The latest Union Budget spelt relief for foreign portfolio investors with two unpopular tax moves being scuttled or deferred.
Finance Minister Arun Jaitley said that Minimum Alternative Tax will not apply to foreign investors. He has also said that General Anti Avoidance Rules (GAAR) would be deferred by two years.
The GAAR provision expanded the powers of tax authorities. The Minimum Alternative Tax was originally brought into play to bring into the tax net large domestic corporate who did not pay taxes by making use of various incentive schemes. The tax authorities had recently sent communications under the provision to foreign portfolio investors, asking them to explain why the provision should not apply to them.Read our full coverage on Union Budget
The MAT provision would have raised their long term capital gains tax from zero under the current regime to around 20 per cent. The net impact of would have run into tax liabilities for thousands of foreign investors.

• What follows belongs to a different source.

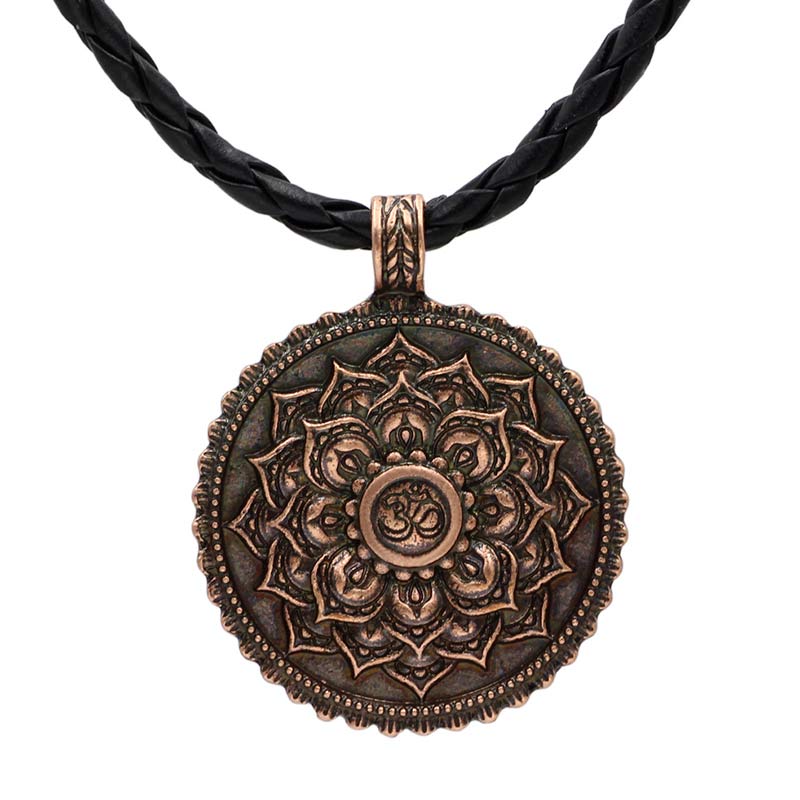Collier unisexe électroplaqué Om Mani Padme Hum avec motif lotus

“No MAT for FIIs is a very welcome step and relaxes the uncertainty created recently by the tax notices. Also welcome clarification that there will be no PE on presence of fund managers,” said Rajesh H. Gandhi, Partner – Tax at Deloitte Haskins & Sells.
PE or Permanent Establishment refers to the presence of an entity in the country which makes it liable to taxation. This would not apply to asset managers whose fund managers are located in the country, said the Finance Minister.
Foreign investors currently hold over 40 per cent of India’s free float in equity markets. Free float refers to shares available for public shareholding.